Paul Zerah takes a break from his five-hour-a-day Hebrew class in the West Bank settlement of Ofra, just over a barren hill from the Palestinian town of Ramallah. Only two weeks ago, Zerah, 46, immigrated to the heart of one of the world's most violent conflicts. But he feels he's left danger behind in Paris. "I was afraid for my children there," says Zerah, who brought his wife and two youngsters to Israel. "My son couldn't walk to the Jewish school with his yarmulke on."
Zerah followed his brother Marc who, in 1999, gave up a thriving gynecological practice in Paris's 12th arrondissement to move to Jerusalem with his wife and four children. Marc didn't publicly wear his yarmulke in France. Now he keeps it on all day. "It isn't just a physical immigration. It's spiritual," he says.

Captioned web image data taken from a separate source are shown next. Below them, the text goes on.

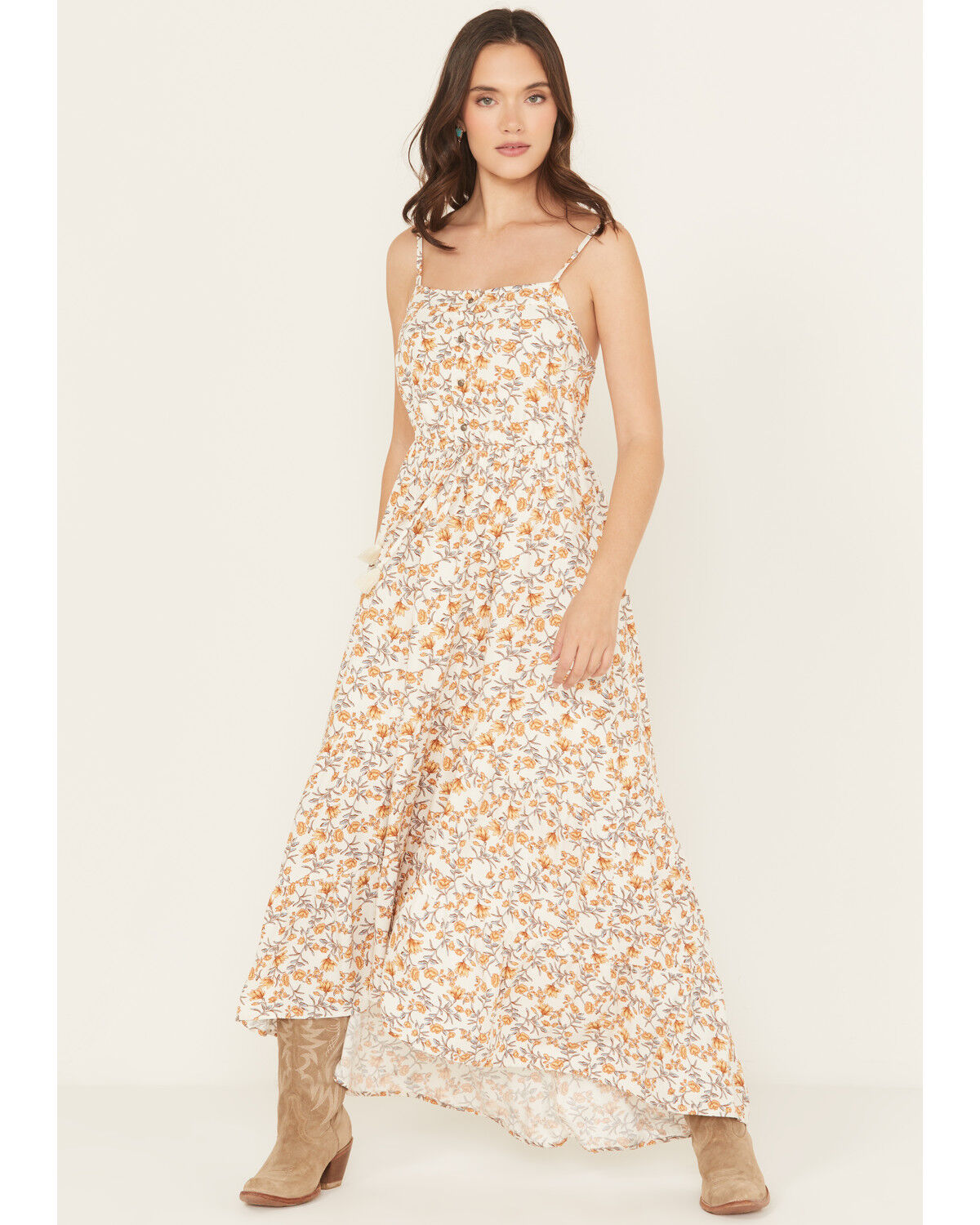 Idyllwind Women's Sugarland Printed High-Low Maxi Dress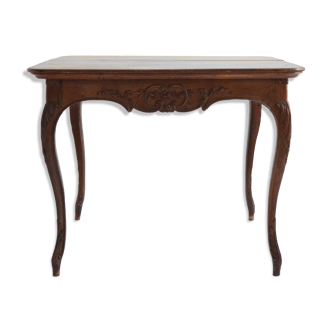 Antique solid oak dining table 1930s vintage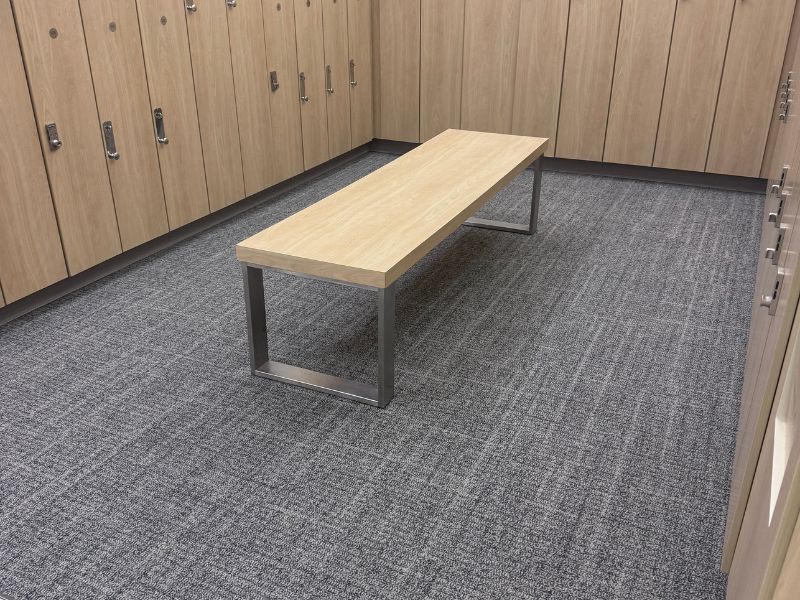 Commercial flooring installed in a West Chester area business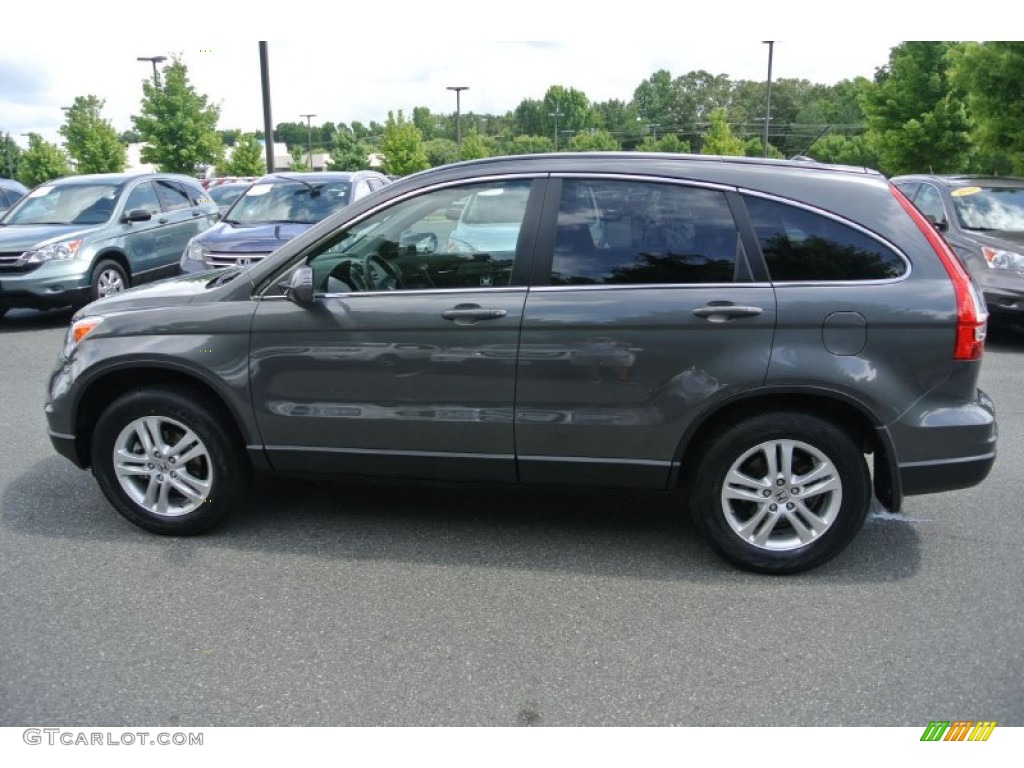 2011 CR-V EX-L - Polished Metal Metallic / Black photo #3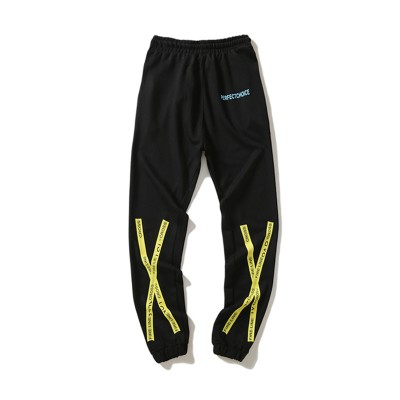 A+ Quality OFF-WHITE 2018SS Fire Tape Track Track Pants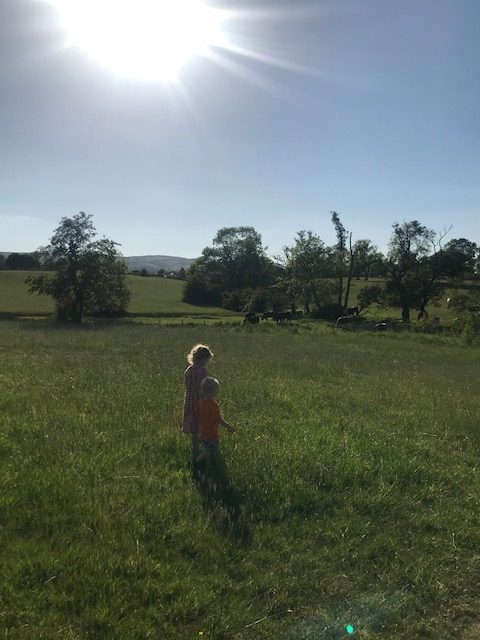 Walking in the Wharfe Valley in West Yorkshire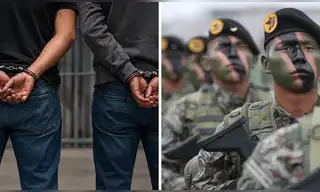 Condenan a 13 años de prisión a dos personas por traficar armamento militar peruano hacia Ecuador Condenan a 13 años de prisión a dos personas por traficar armamento militar peruano hacia Ecuador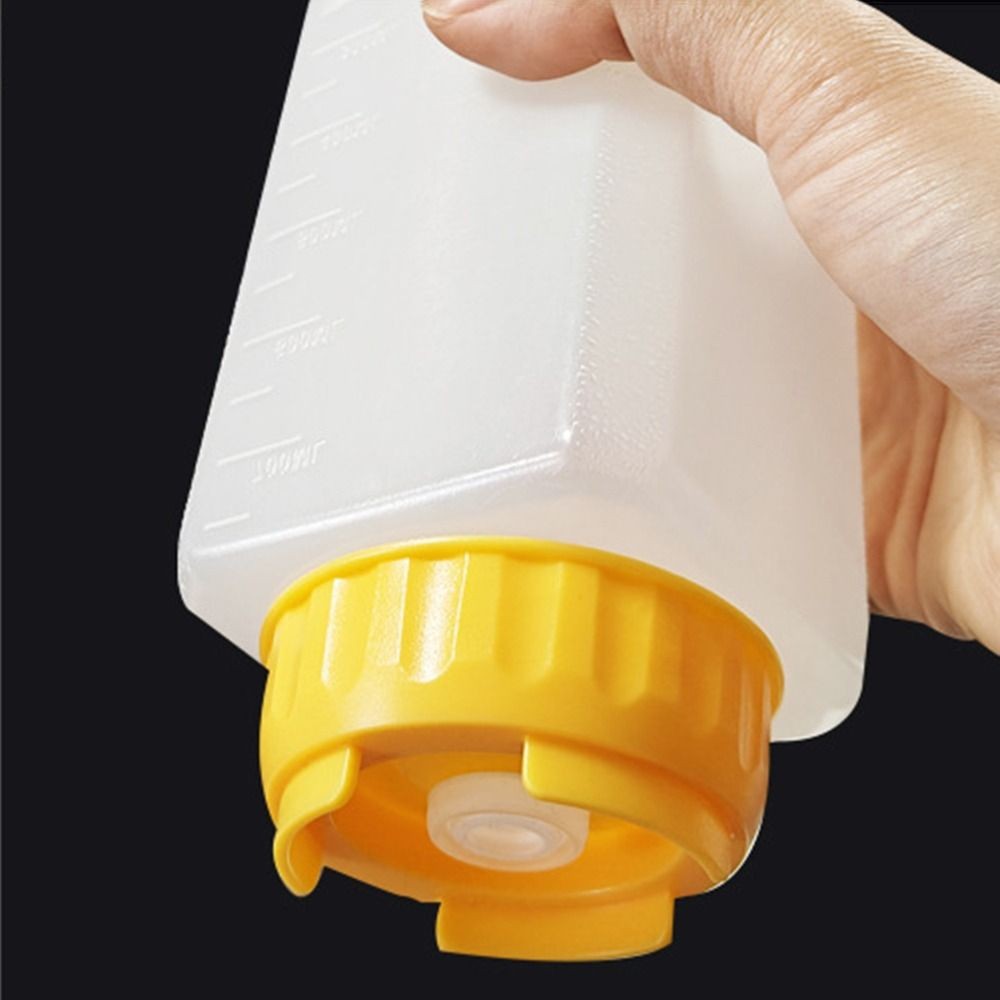 Chai Nước Sốt JiKK, In First Out First 700ml 24oz Chai Bóp, Chai Đựng Salad Nhựa Dung Tích Lớn Hai Đầu Bếp Dã Ngoại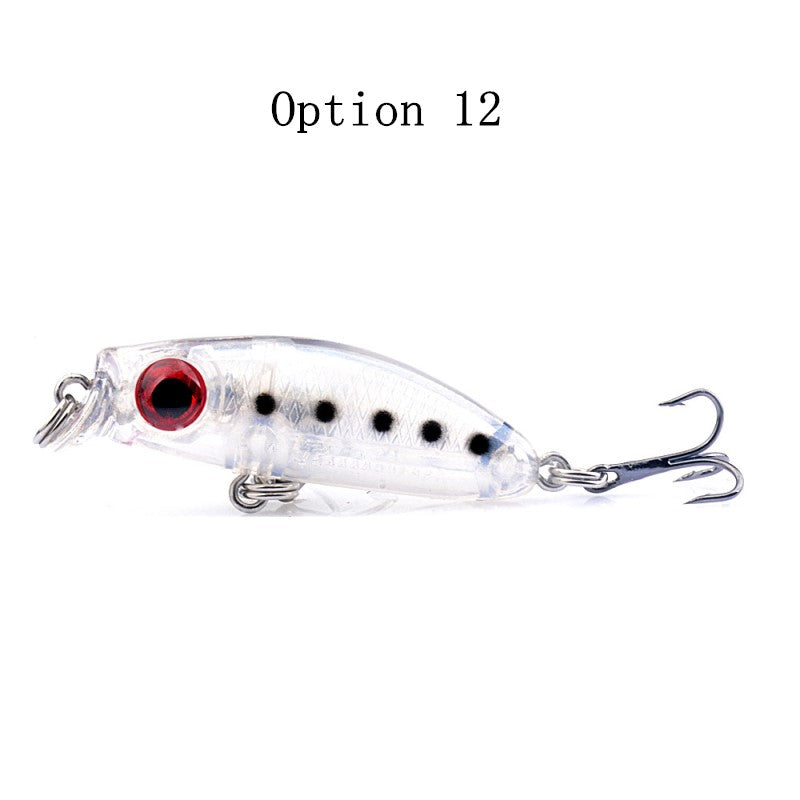 2 pcs 3.5cm 3g underwater minnow lure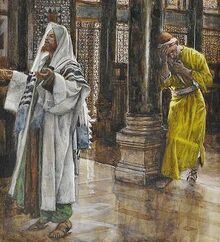 Tissot-The-Pharisee-and-publican-Brooklyn-Museum-Wikimedia-US-public-domain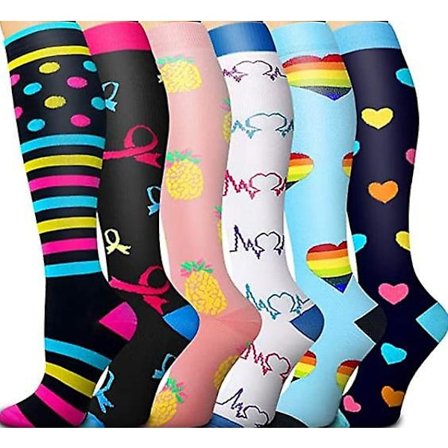 Kompressionsstrumpor För Dam & Herr Cirkulation 6 Par set10 Z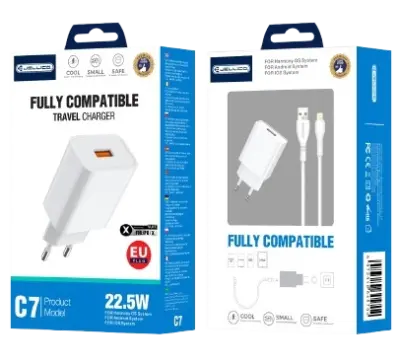 STENSKI POLNILEC JELLICO ZA LIGHTNING IPHONE IN IPAD 22.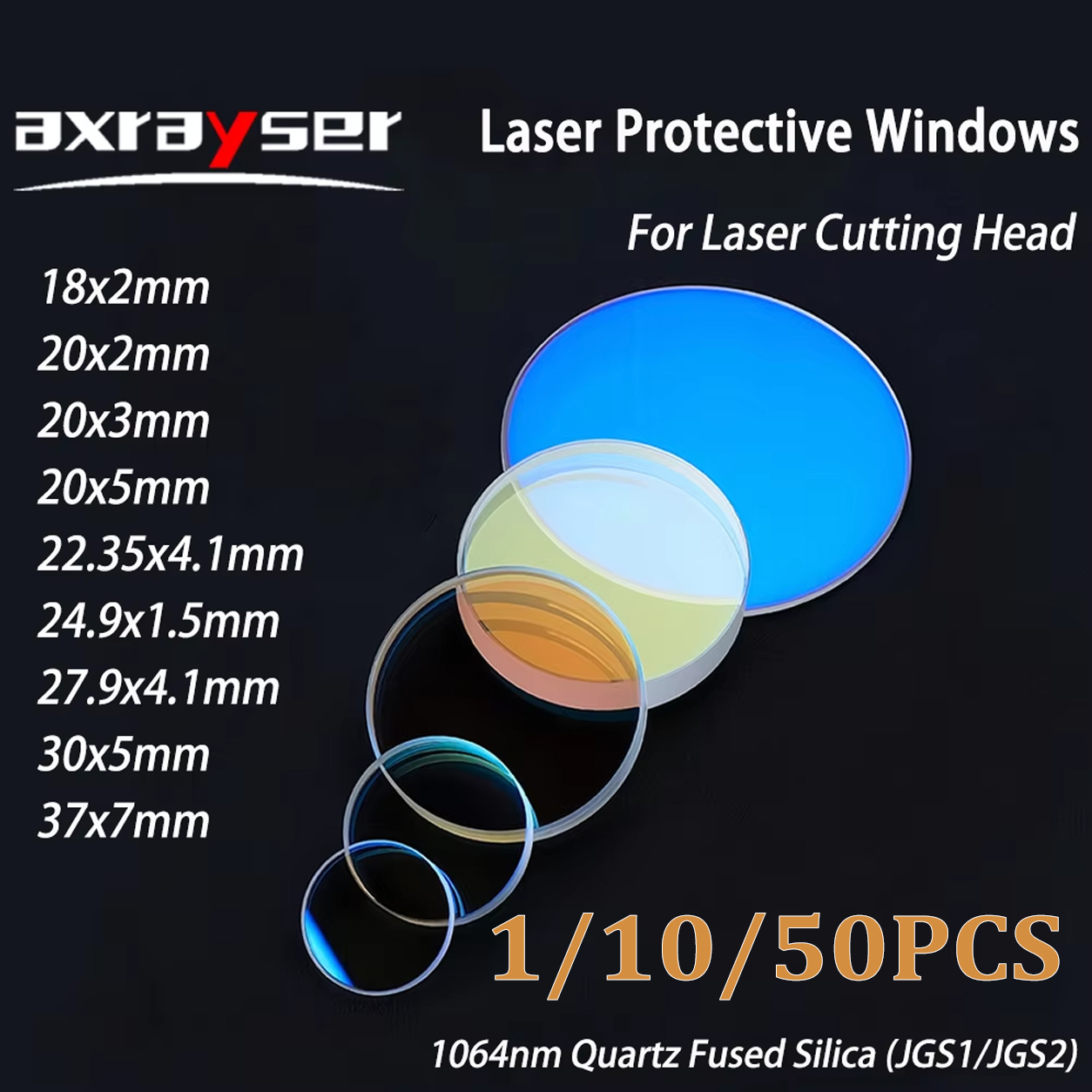 1/10/50PCS Fiber Laser Protect - Industrial Fiber Laser recension och pris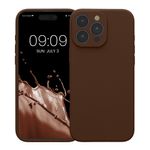 Laptop, Telefoane si Tablete - Telefoane mobile si accesorii - Accesorii Telefoane - Huse telefoane - Husa Kwmobile pentru iPhone 16 Pro Max, anti-alunecare, protectie la zgarieturi, silicon, maro - Infinity.ro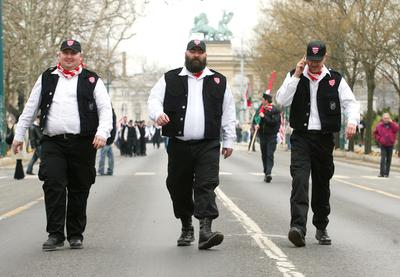 Új tagokkal bővült a Magyar Gárda-stock-foto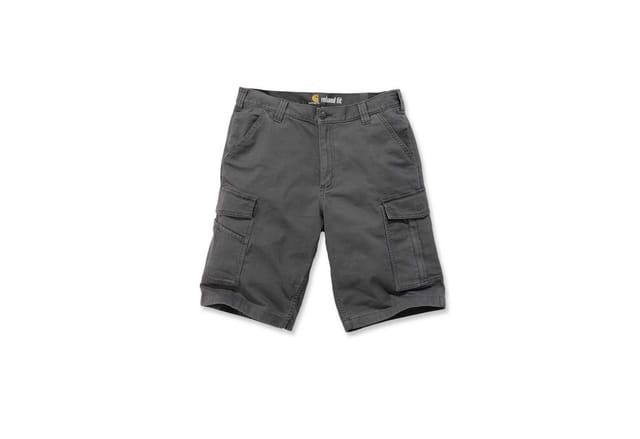 Herren Cargo-Shorts RIGBY RUGGED CARGO SHORT, shadow, Größe W40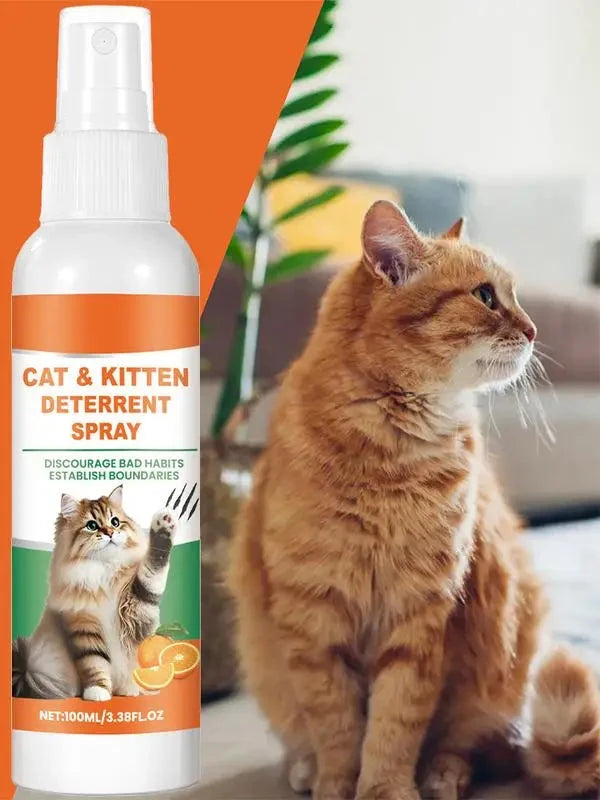 New Cat Repellent Spray No Scratch Spray For Cats Cat Training Spray Natural Cat Scratching Spray Keep Cats Out Training Tool Brodster Market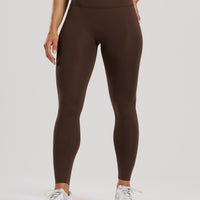 Essential High Waist Leggings | Cocoa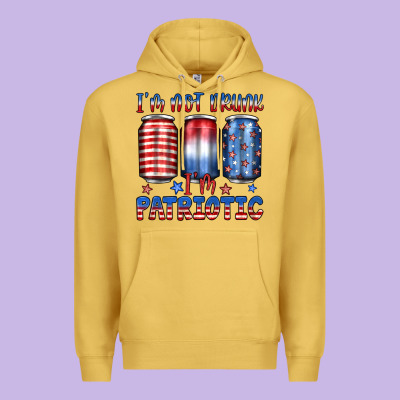 I'm Not Drunk I'm Patriotic Premium Hoodie Designed By Jahusdesignshop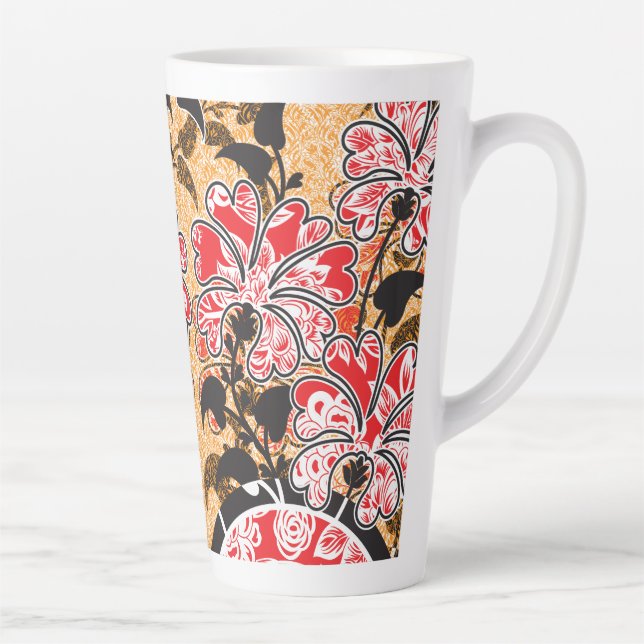 Tasse Latte Un motif oriental complexe et animé (Droite)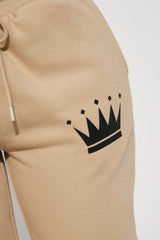 Family Goals Women's Queen Jogger - Taupe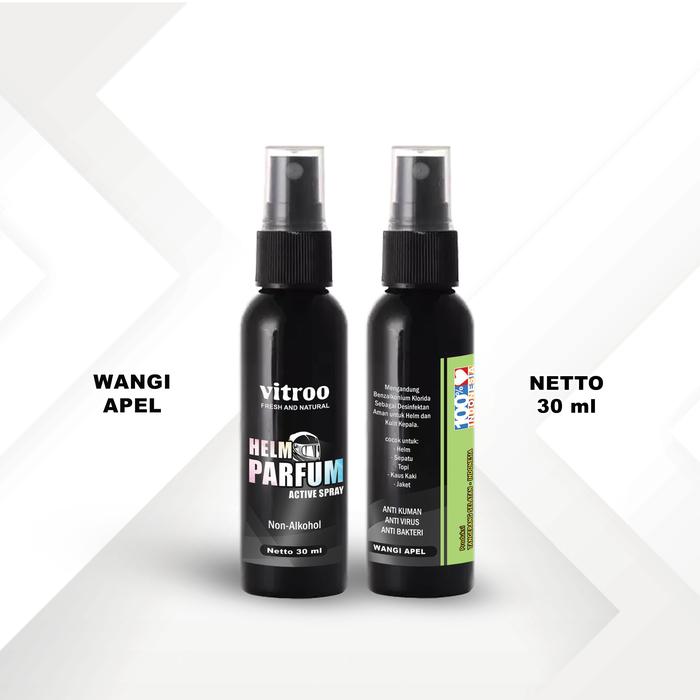 Gambar Vitroo Parfum Helm Spray Anti Bakteri Protection Parfum Pewangi Helmet - Apel dari AMS variasi_NEW undefined Tokopedia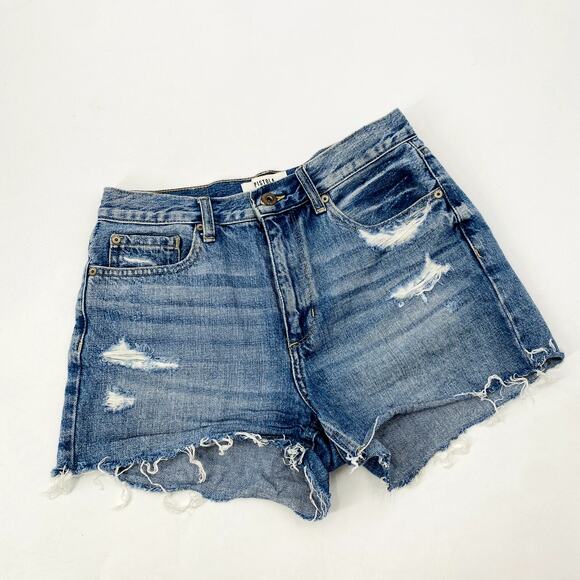 Pistola distressed denim shorts - Picture 2 of 4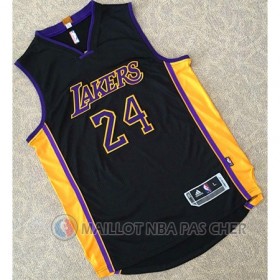Maillot NBA Authentique Los Angeles Lakers Noir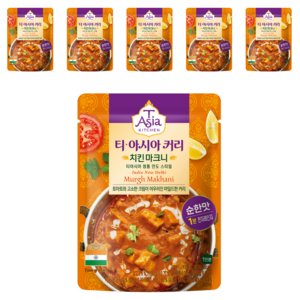 티아시아키친 치킨 마크니 커리 전자레인지용, 170g, 6개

Paul says most of his Parisian friends are considering such a move, and the numbers back him up. In July alone, 800 French Jews immigrated. An Israeli university study recently predicted 30,000 will eventually make the switch. And they're being welcomed by an Israeli government facing demographic challenges from the region's Palestinians. In the 1990s, more than 1.2 million people emigrated to Israel from the former Soviet Union a huge boost to a nation with 6.5 million citizens, fewer than Paris. But since Russian immigration dried up, Israeli officials have switched their focus to France.
Like most French emigrants to Israel, the Zerahs are Sephardic Jews, whose families went to France from North Africa; Marc Zerah was born in Tunis, and his family moved to Paris when he was 10. In general, Sephardic Jews lack the French roots of the more assimilated Ashkenazic Jews, who arrived from Eastern Europe centuries ago. Sephardic Jews tend to be more religious and traditional, which makes Israel an attractive prospect. Like his brother Paul, Marc Zerah first relocated to a West Bank settlement. He says he felt a strong connection to the ancient Israelites, who entered Canaan via nearby Jericho, too. Despite the difficulties of learning a new language in the middle of their high school studies, his children also approve. Ilanit, 20, doesn't dwell on the question of whether she feels French or Israeli. "In France, we were the Jews," she says, with a shrug. "In Israel, we are the French."
After five years, Zerah doesn't miss France much. He had little choice there over where to live he had to be within walking distance of a synagogue and he couldn't enjoy French cuisine because of kosher dietary restrictions. In Israel, synagogues and kosher restaurants are never more than a few streets away. "Here in Israel," he says, "I eat much better."